The material below has pictures in it. Set down only the lines from the line containing "Sacha Long Petyarre, Wild" through the line containing "Jendela Aluminium Boven", word for word, and leave the pictures behind.

[[ DATA FOR THIS EXERCISE, beginning ]]

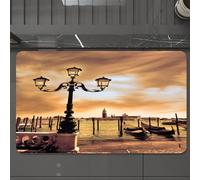 EMCLKS Tapis de Bain Antiderapant, Tapis Salle de Bain en Microfibre Douce, Tapis de Bain Absorbant, Lavable,Venise, gondoles de la Lagune de Venise amarrées par la Place Saint-Marc sur Les,60x90 cm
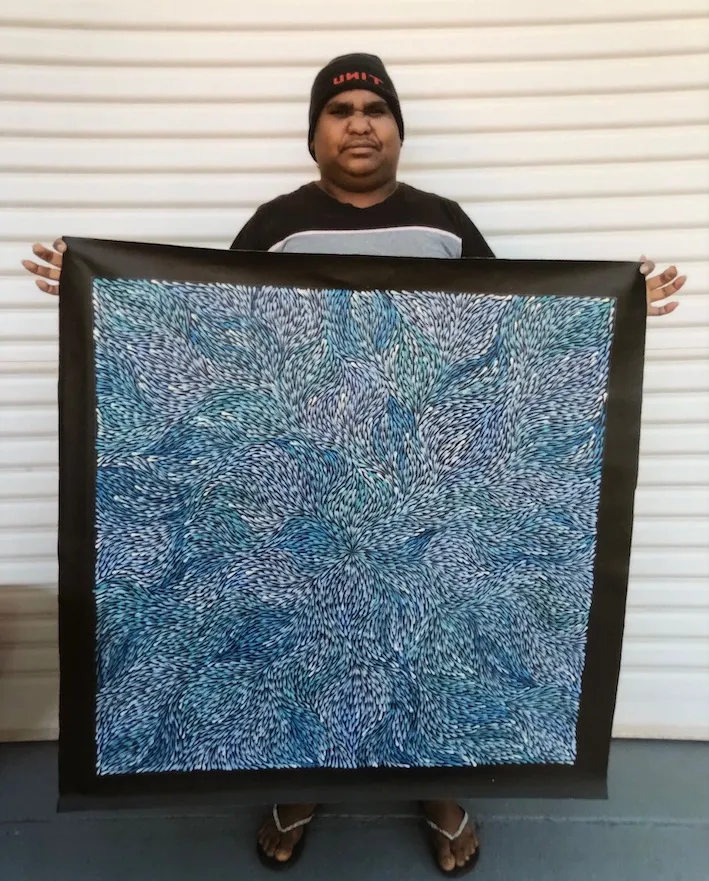 Sacha Long Petyarre, Wild Flowers, 2022, synthetic polymer paint on canvas, 90cm x 90cm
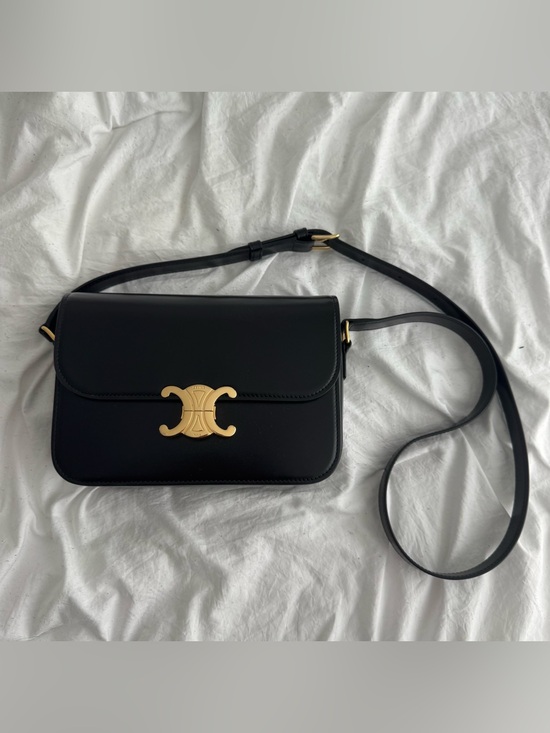 Celine Handbags - Celine Triomphe Crossbody bag in Black leather and Gold Hardware
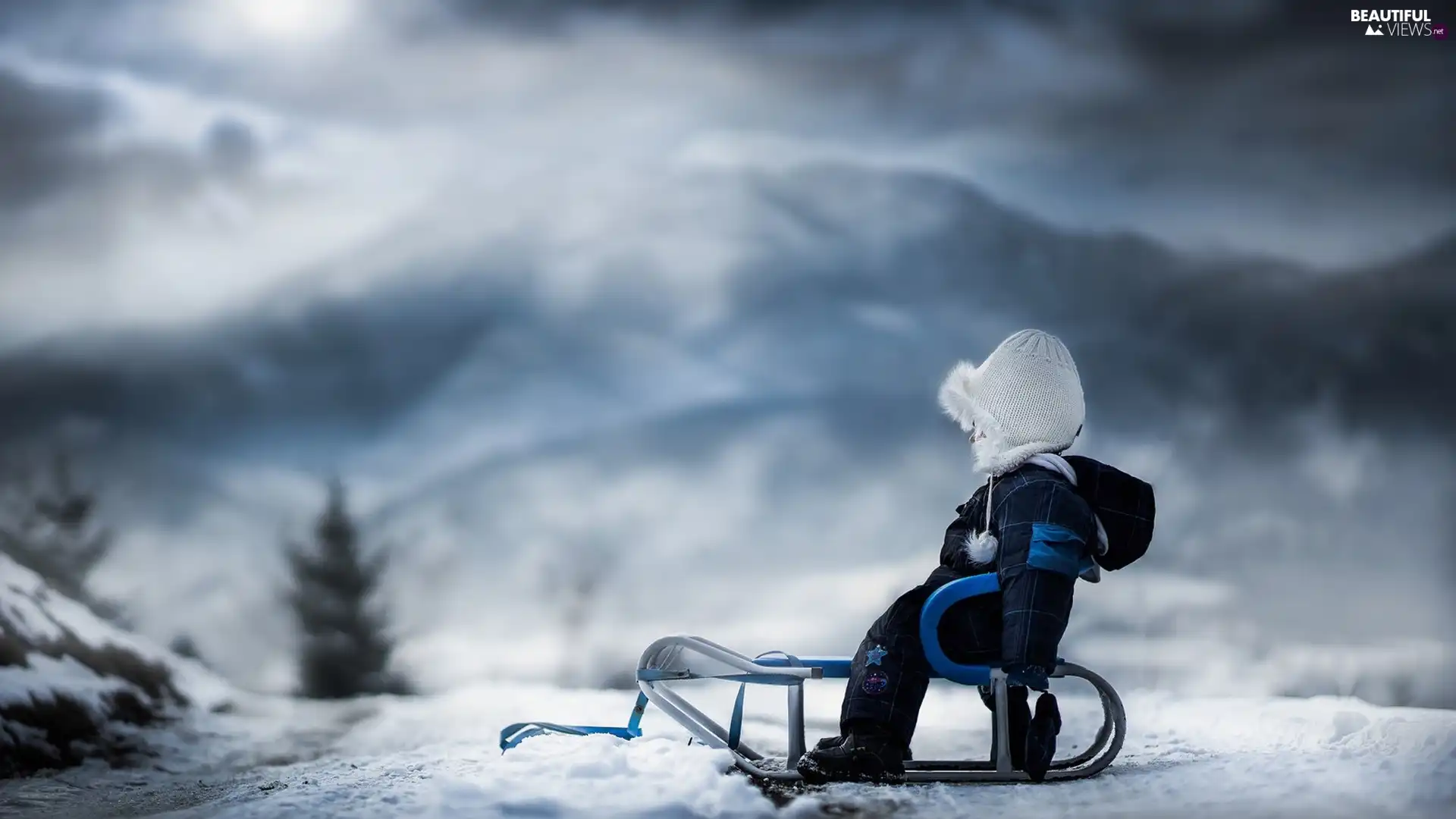 sledge, winter, Kid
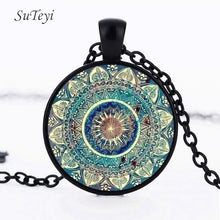 Carica l&#39;immagine nel visualizzatore di Gallery, Collana vintage con cupola in vetro Buddismo Chakra Gioielli con pendente cabochon in vetro Om India Yoga Mandala Collane per unisex 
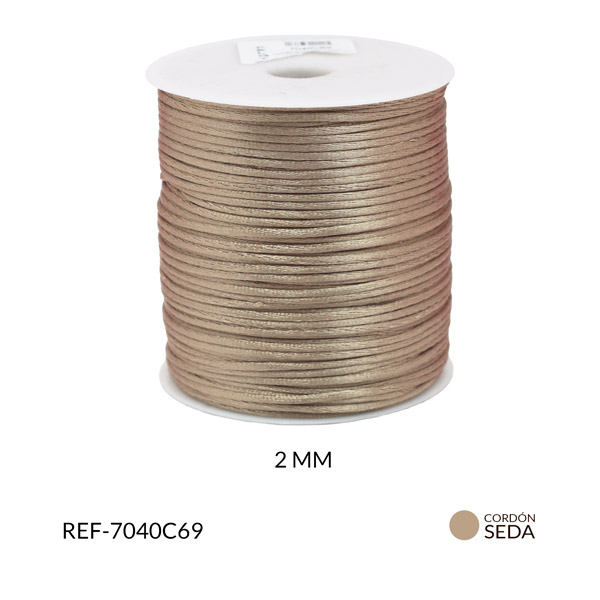 Cordón seda almendra oscuro 2mm rollo x130m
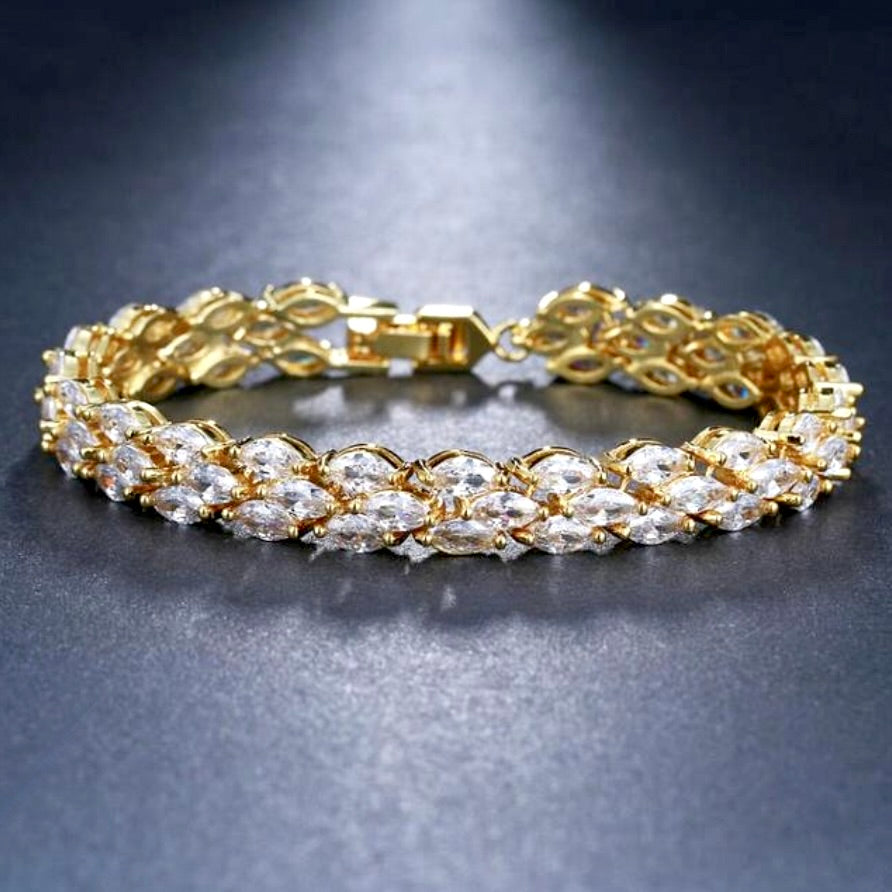 Wedding Jewelry - Cubic Zirconia Bridal Three-Piece Jewelry Set - Available in Silver and Gold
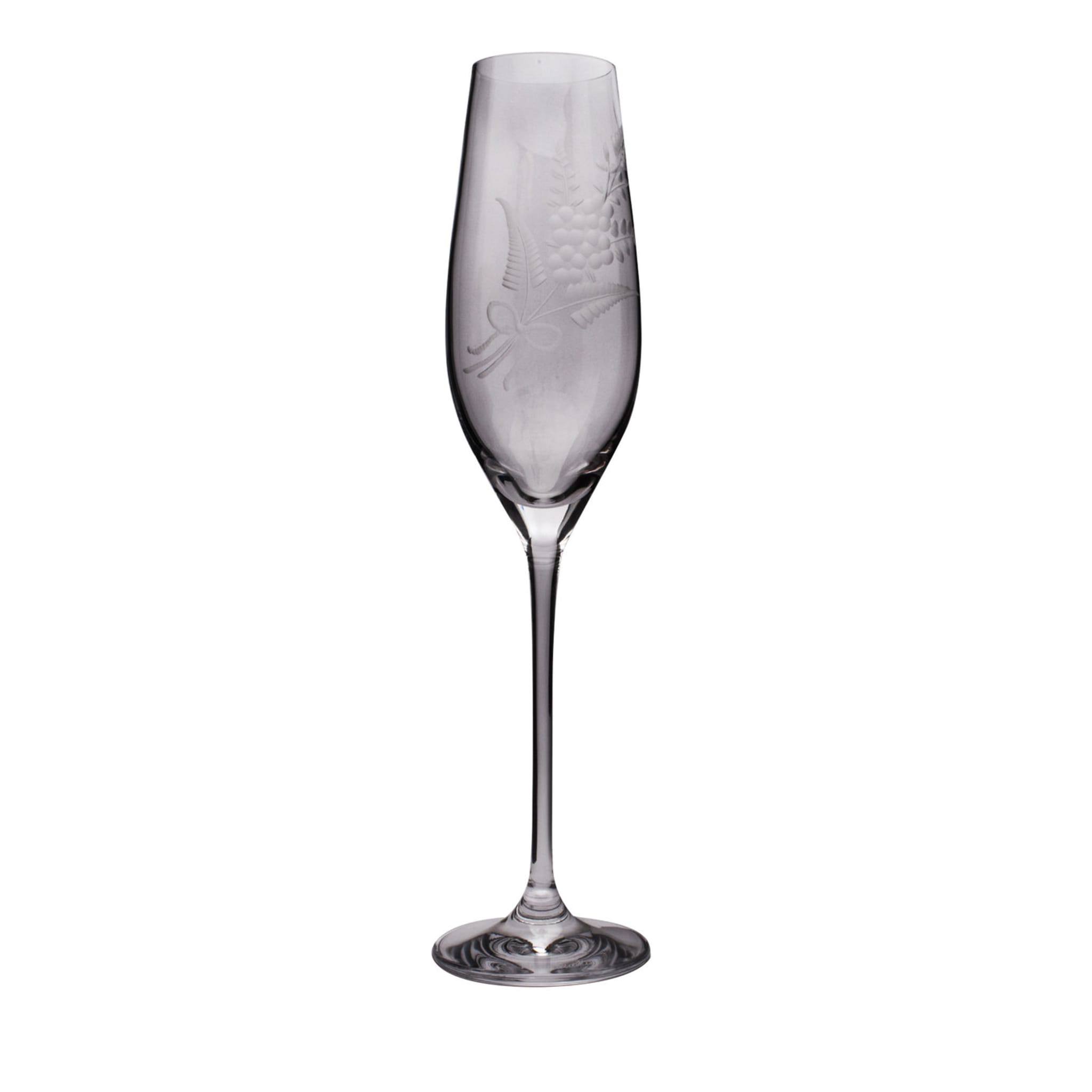 Set of 6 Champagne Flutes with Quote - Main view
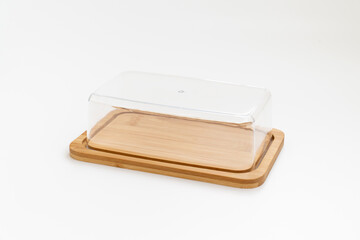 dishes for butter and cheese. small wooden cutting board with lid.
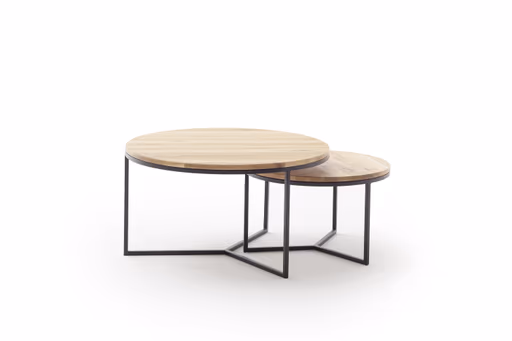 Couchtisch Joan 2- LBH ca. 58x58x33 cm, Asteiche massiv, Gestell schwarz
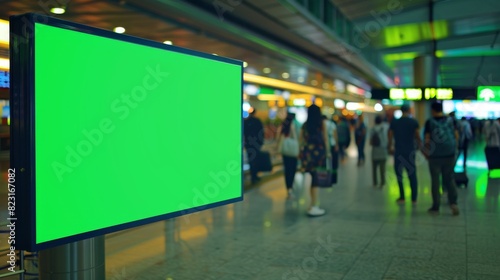 Terminal: A green screen advertisement billboard, a Chroma Key arrival display, a mock-up of an advertisement space on a background of people waiting for their flights at the airline hub's boarding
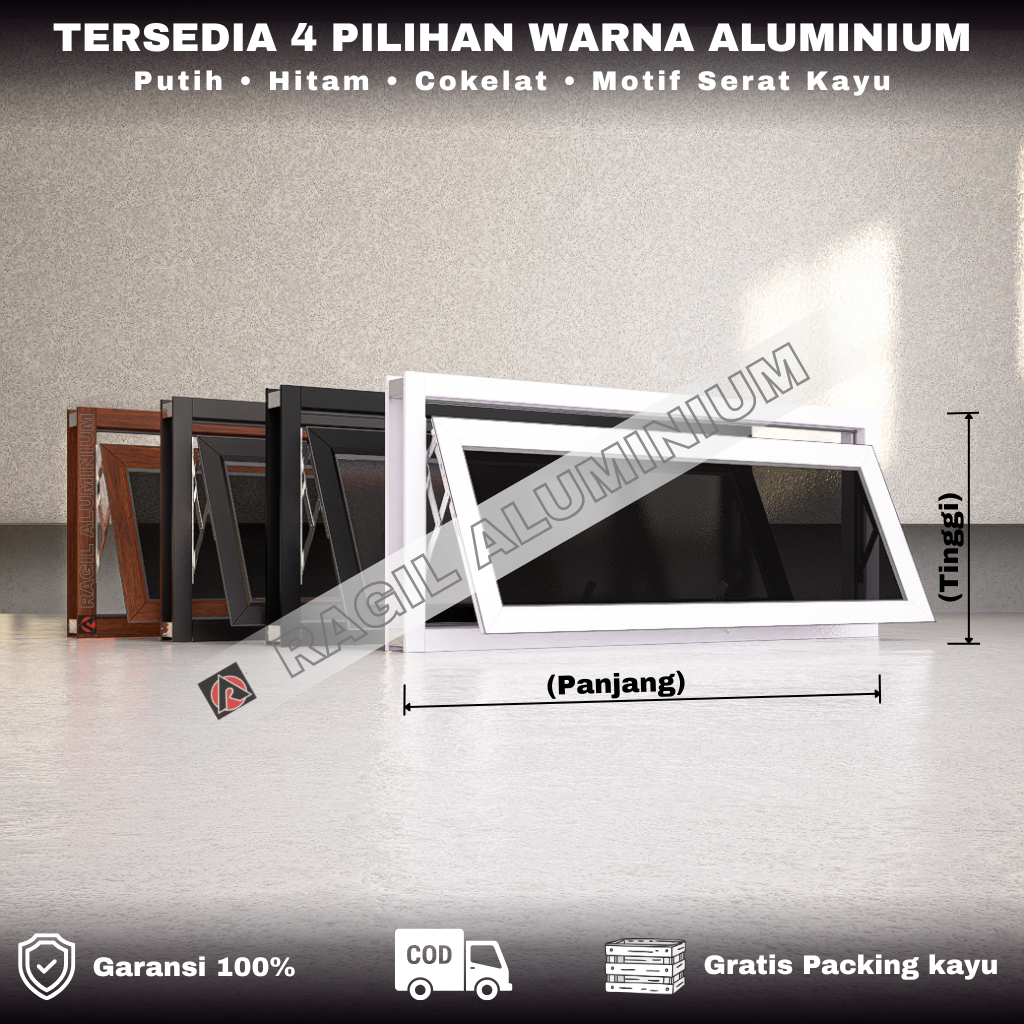 Jendela Aluminium Boven 1 Daun Jungkit Casement Polos Tinggi 50 cm x Panjang 100 cm (50x100)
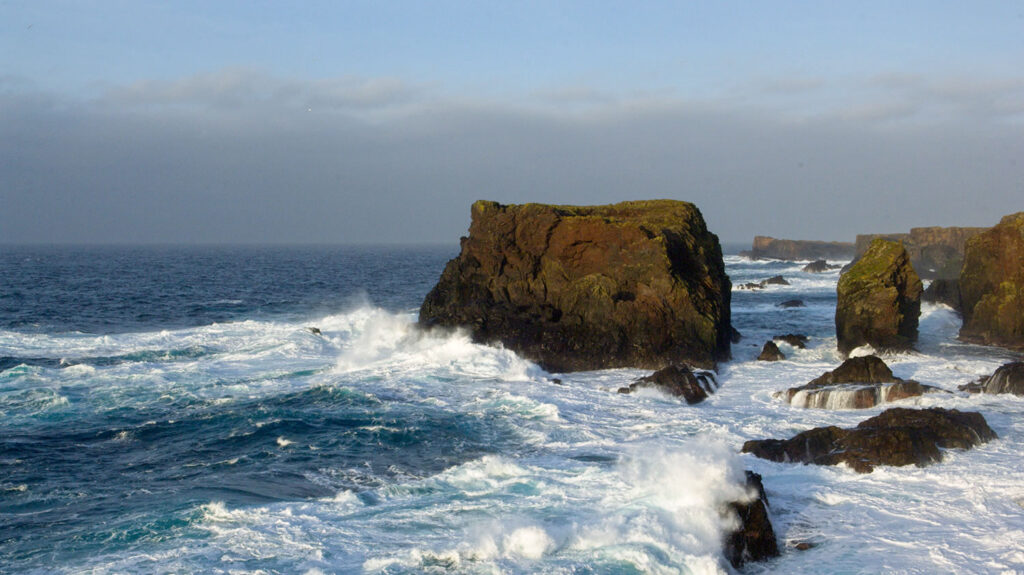 Waves at Eshaness in Shetland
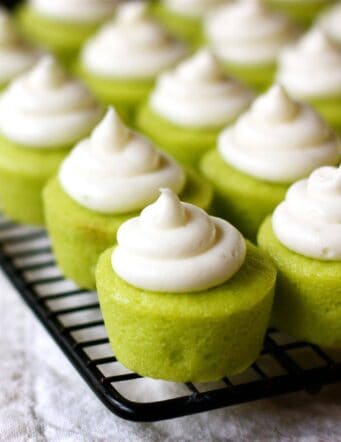 mini lime cupcakes with cream cheese frosting
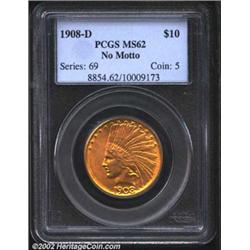 1908-D $10 No Motto MS62 PCGS. A conditionally scarce and underappreciated second year issue. The li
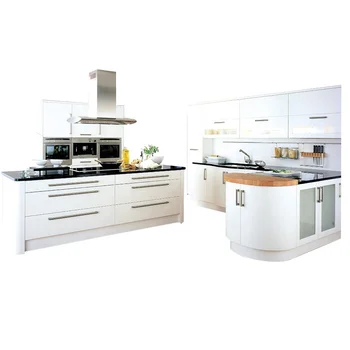 Furniture Flat Pack Kitchen Cabinet Set White Pvc Acrylic Furniture Flat Pack Kitchen Cabinet Set White Pvc Acrylic Lacquer From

[[ DATA FOR THIS EXERCISE, end ]]

= WRITTEN SOLUTION =
 Sacha Long Petyarre, Wild Flowers, 2022, synthetic polymer paint on canvas, 90cm x 90cm
 Celine Handbags - Celine Triomphe Crossbody bag in Black leather and Gold Hardware
 sledge, winter, Kid
 Carica l&#39;immagine nel visualizzatore di Gallery, Collana vintage con cupola in vetro Buddismo Chakra Gioielli con pendente cabochon in vetro Om India Yoga Mandala Collane per unisex 
 Cordón seda almendra oscuro 2mm rollo x130m
 Wedding Jewelry - Cubic Zirconia Bridal Three-Piece Jewelry Set - Available in Silver and Gold
 Set of 6 Champagne Flutes with Quote - Main view
 dishes for butter and cheese. small wooden cutting board with lid.
 Couchtisch Joan 2- LBH ca. 58x58x33 cm, Asteiche massiv, Gestell schwarz
 Terminal: A green screen advertisement billboard, a Chroma Key arrival display, a mock-up of an advertisement space on a background of people waiting for their flights at the airline hub's boarding
 Jendela Aluminium Boven 1 Daun Jungkit Casement Polos Tinggi 50 cm x Panjang 100 cm (50x100)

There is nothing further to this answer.